If there was ever a place where it was attractive to believe that the physical and the digital were two different and separated spaces, it must have been Belgrade in the late nineties. In between the Bosnian and Kosovo wars, Milošević’ oppressive regime was omnipresent. You could smell the atmosphere of fear, hatred and intimidation in the streets. B92’s ability to create an expanding network of alternative music and information, through radio and internet, was impressive. While the real world of politics and everyday life was uglier than ever, the new media scene in Belgrade seemed to be the perfect example of how digital revolutionaries could thrive and really matter in their virtual oasis. This was the dream, at the time, of media activists all over the world.
Eric Kluitenberg was an early sceptic. His new book, Delusive Spaces, includes a few texts from that period. ‘To consider these domains, the physical and the virtual, as distinct is simply absurd,’ he wrote at the time in a text on the so-called new freedom, ‘and it does not assist with understanding what the emergency of these technologies actually signifies for the individual or for society.’ His wake-up call came early and it was serious. ‘It is much more straightforward to see the embodied and electronically mediated as two aspects of the same experiential, social and political reality. In other words, to assume one ‘hybrid’ reality that consists of both physically embodied and electronically mediated elements. Such an approach foregrounds the hybridization of most common spheres of everyday life, where the contradictory logics of physical existence and electronic mediation continuously affect and confront each other.’

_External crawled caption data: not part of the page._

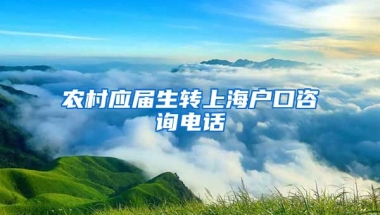 农村应届生转上海户口咨询电话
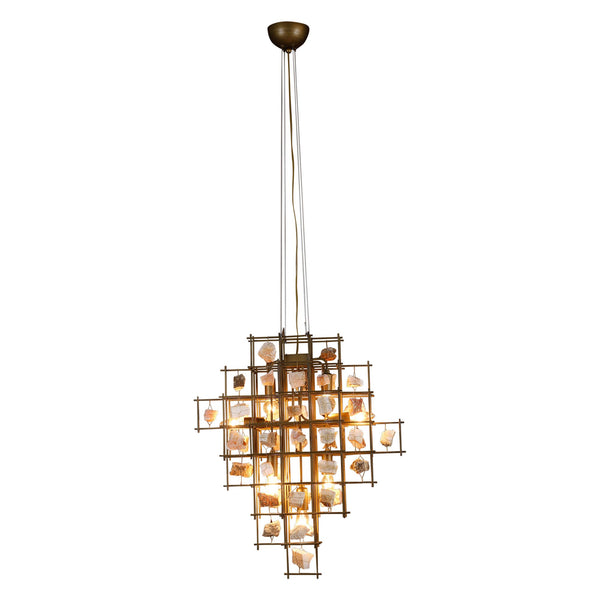 Vintage Light Small Pendant with Stones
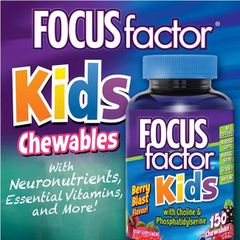 Viên Uống Focus Factor For Kids 150 Viên Chính Hãng USA – Thực Phẩm Bổ Sung Vitamin & Khoáng Chất Cho Trẻ Em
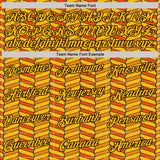 Custom Gold Orange US Navy Blue-Black 3D Esports Performance T-Shirt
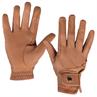 Gloves QHP Leather Pro Mid Brown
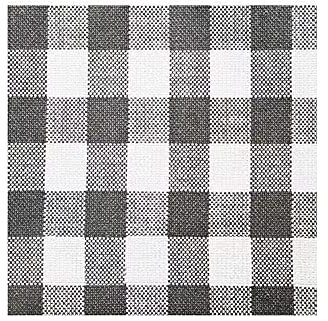 Papier peint autocollant en vinyle à carreaux noir et blanc
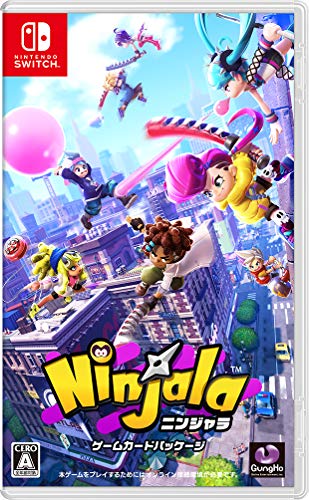 Ninjala Game Card Package Nintendo Switch GungHo Online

This tension between his scepsis about the liberating myth of technological progress and his irrepressible belief in the potential of new alternatives is the driving force behind this book. And an impressive book it is. Impressive, inspirational and, I hope, influential.
Eric is, as many good listeners and avid readers are when they turn their insights into a book, a generous writer. He salutes the media activists from the Baltics, the Balkans and elsewhere who have inspired him along the way, sometimes simply by their heartfelt shouts coming from an audience during one of the many workshops and events he organized or addressed over the past years. And he pays respect to the great thinkers and artists of earlier times who influenced his analysis of media, culture and technology. Not just by quoting and interpreting them, but by arguing with what they have to tell us today. Even if you would read the book just for the critical dialogue with the likes of Lewis Mumford, Marcel Duchamp, Michel Foucault and Jean-Francois Lyotard, it would be more than worth your while. Thanks to this book, I will never be able to think of archives again without thinking of Foucault, of machines without Mumford, of the unholy trinity of capitalism, technoscience and avantgarde without Lyotard, and of brides and bachelors without Duchamp.

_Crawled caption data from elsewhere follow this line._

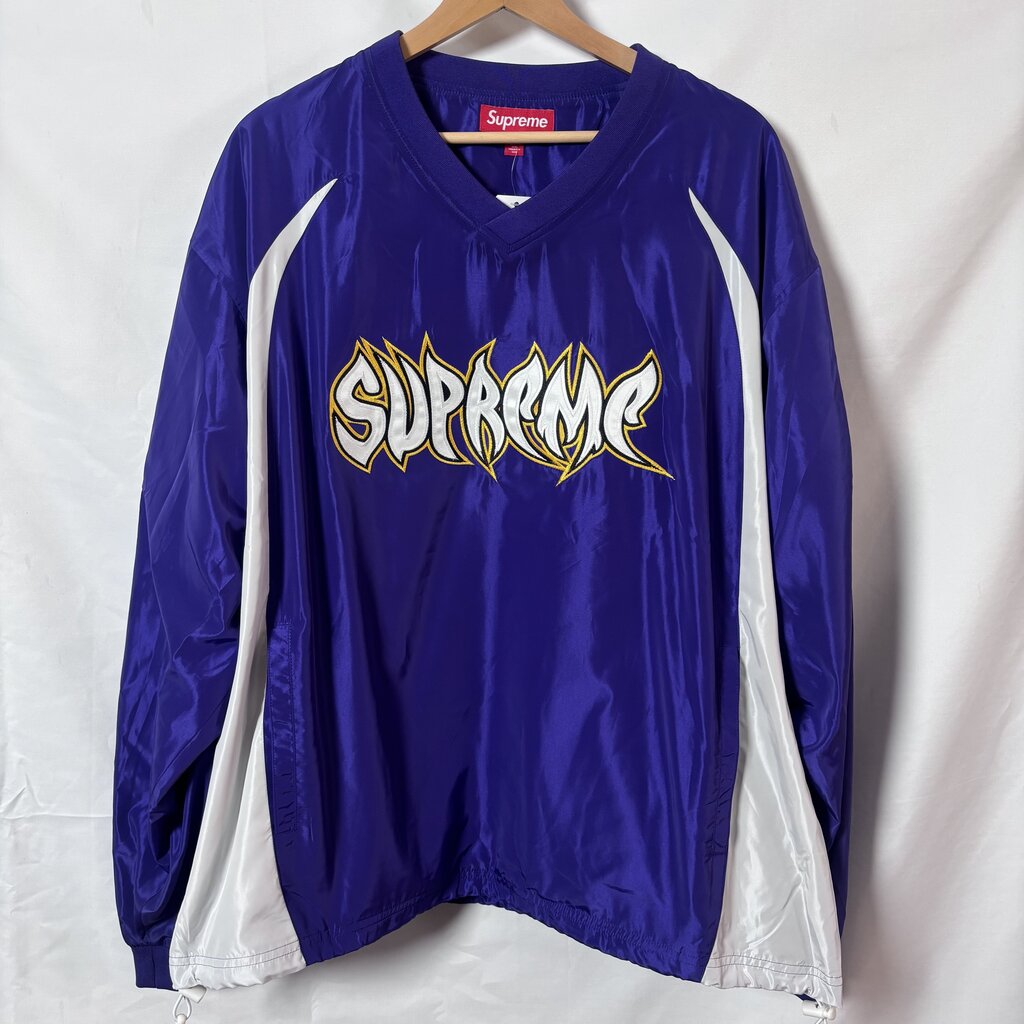 Supreme Purple Pull Over Sz. L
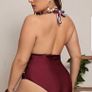 ladies halter neck swimsuit BNIB Image 2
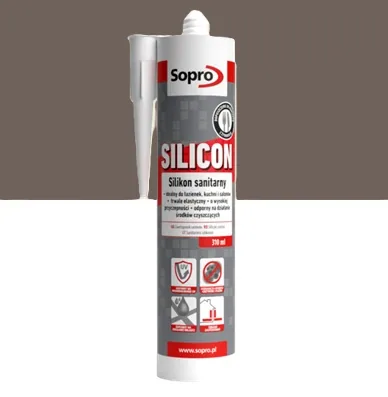Silikon sanitarny Ciemnoszary 70 310 ml Sopro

In its generosity, this book at times becomes almost like a message without a sender, an open form of communication where everyone contributes and no one claims authorship. It becomes an exercise in common knowledge, in the sharing of resources – a very unusual, and almost impossible thing to say about such a static and linear medium as a book. But of course, in a book that opens by recalling the lesson that Lyotard learned from 20th century artistic avantgarde – every image conceals more than it reveals – you are tempted to go and search for the identity of the author who hides himself so skilfully behind this generosity. What does the book tell us about this guy who holds the deepest suspicion for what fascinates him most, the technological culture that man creates and inhabits?

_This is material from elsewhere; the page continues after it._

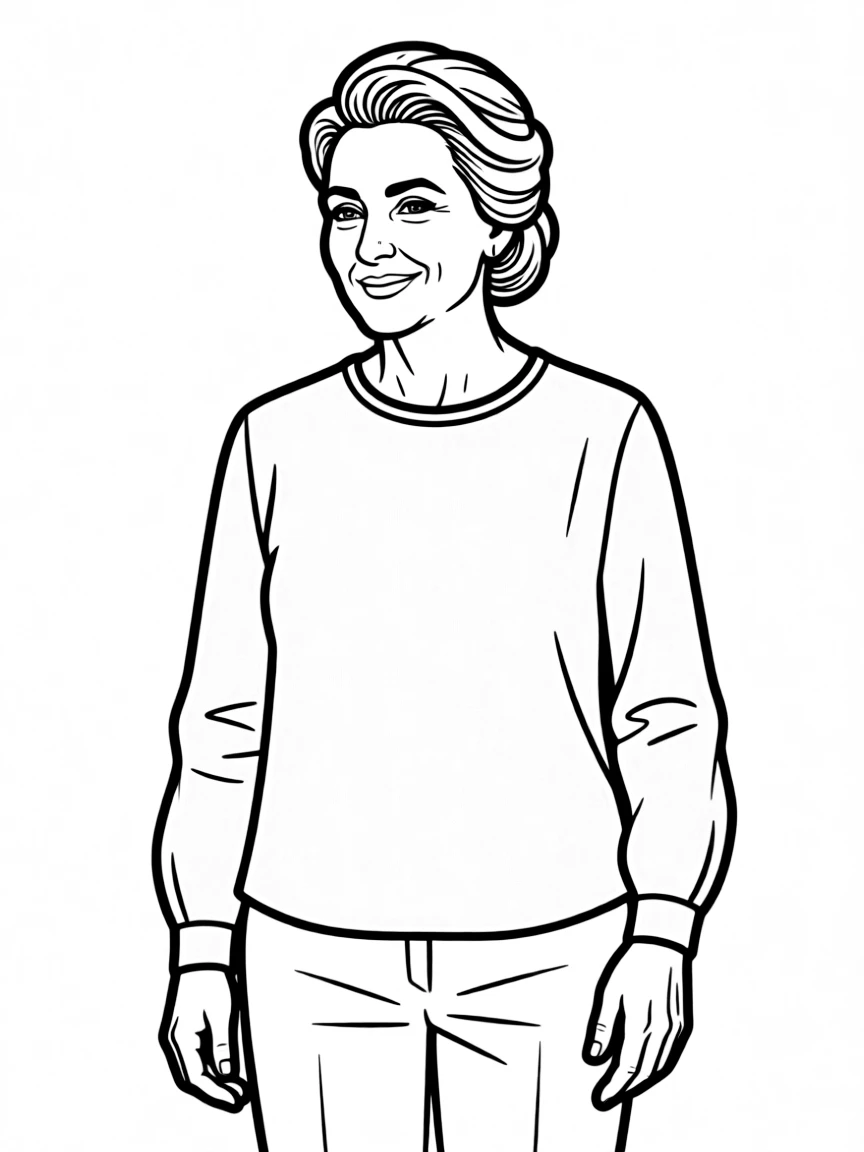 Meryl Streep with her hair up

He is a man without a cellphone. He regards the right to disconnect as a fundamental human right. He met the love of his life during a series of artistic interventions in Moscow’s public space that restored his confidence in the subversive potential of art. His neverending curiosity is only outdone by that of their dog Savva. He is an unflinching democrat, who takes it as a given that the only sane world is one that is governed by the voice, in all its occasional insanity, of real people. He is a man so serious in his awareness of the violence within the machine, that his rare, sly little jokes strike you like a fist. He is so in awe of the human imagination and desire to reach beyond the boundaries of language that he confines himself to a style of writing that looks almost modest, crisp, unlyrical. And finally, like the vegetarian owner of a hamburger joint, he is a man immersed in media culture who has this thing for the unrepresentable.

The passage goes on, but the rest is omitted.